Dei circa 2.600 richiedenti asilo ospitati a Genova, circa il 50% è quotidianamente impegnato in lavori di pubblica utilità .
Per i profughi assistititi dai progetti Sprar (Sistema di protezione dei rifugiati e richiedenti asilo) anzi è la regola: se non c’è lavoro, non c’è integrazione e quindi permesso di soggiorno (volendo semplificare).
Per i migranti ospiti dei Centri di accoglienza straordinaria (Cas) il lavoro non è obbligatorio, ma una buona metà sceglie di aderire alle offerte delle associazioni che gestiscono i Cas.
La Croce Bianca gestisce 27 Cas tra Genova, Mignanego, Ronco Scrivia, Casella, Bogliasco e Cogoleto. I migranti assistiti sono circa 200 e quasi il 50% di loro ha scelto di lavorare, anche prima di ottenere il primo permesso di soggiorno, il cosiddetto C3.
«Per questo passaggio, in Liguria servono dai 6 agli 8 mesi. Ma i migranti che ospitiamo noi, generalmente, lavorano anche prima e sono contenti di farlo perchè si sentono parte di un progetto» spiega Walter Carrubba.
Per la legge, i migranti ospiti dei Cas possono lavorare solo trascorsi 60 giorni dall’ottenimento del primo permesso di soggiorno, ma la Croce Bianca ha aggirato l’ostacolo del decreto Minniti: «Li associamo e possono fare attività di volontariato con noi» dice.
E così si spiegano i 19 richiedenti asilo che a Cogoleto sono a disposizione del Comune, i 6 di Bogliasco e i 7 di Busalla, i 6 che a Ronco Scrivia vengono impegnati dall’amministrazione comunale e le 2 giovani che lavorano nella biblioteca del Comune.

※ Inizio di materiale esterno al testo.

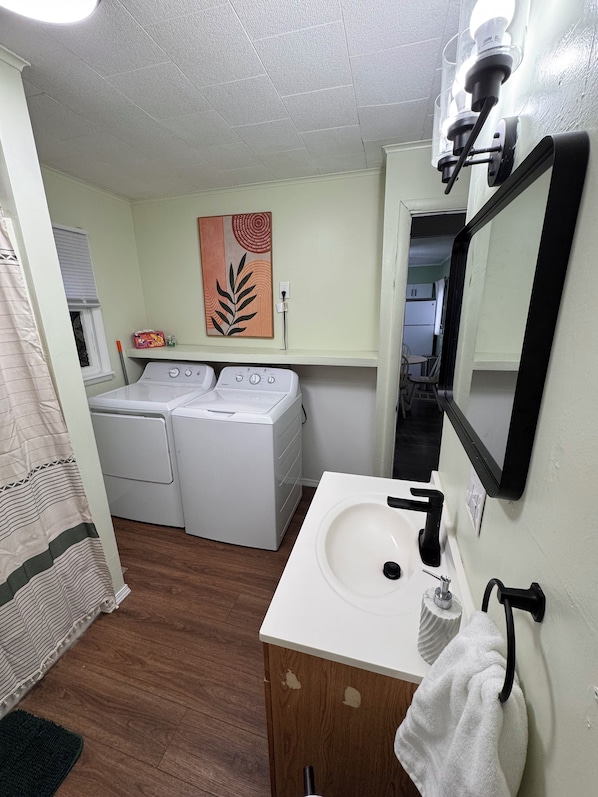 A laundry area with two washing machines, a sink with a mirror, and a towel rack.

O i 26 profughi che quotidianamente si presentano al cimitero di Staglieno «dove imparano mestieri che saranno utili per la loro integrazione.
E ancora le pattuglie di giovani (e meno) che fanno manutenzione nei giardini di piazza Palermo, i Govi di corso Italia, piazza Da Novi, piazza Rossetti, e quelli che collaborano con il Municipio Medio Levante.
O, ancora, le 7 ragazze che stanno imparando le riparazioni sartoriali e i 15 che negli orti collettivi stanno seguendo un corso sullo scivolamento della collina.
«Questi giovani un domani saranno il punto di riferimento degli altri – prosegue Carrubba – Per loro è fondamentale imparare il rispetto delle regole e degli orari, seguono corsi base per la sicurezza sul lavoro e imparano un mestiere. Tutto questo fa curriculum».
(da “il Secolo XIX”)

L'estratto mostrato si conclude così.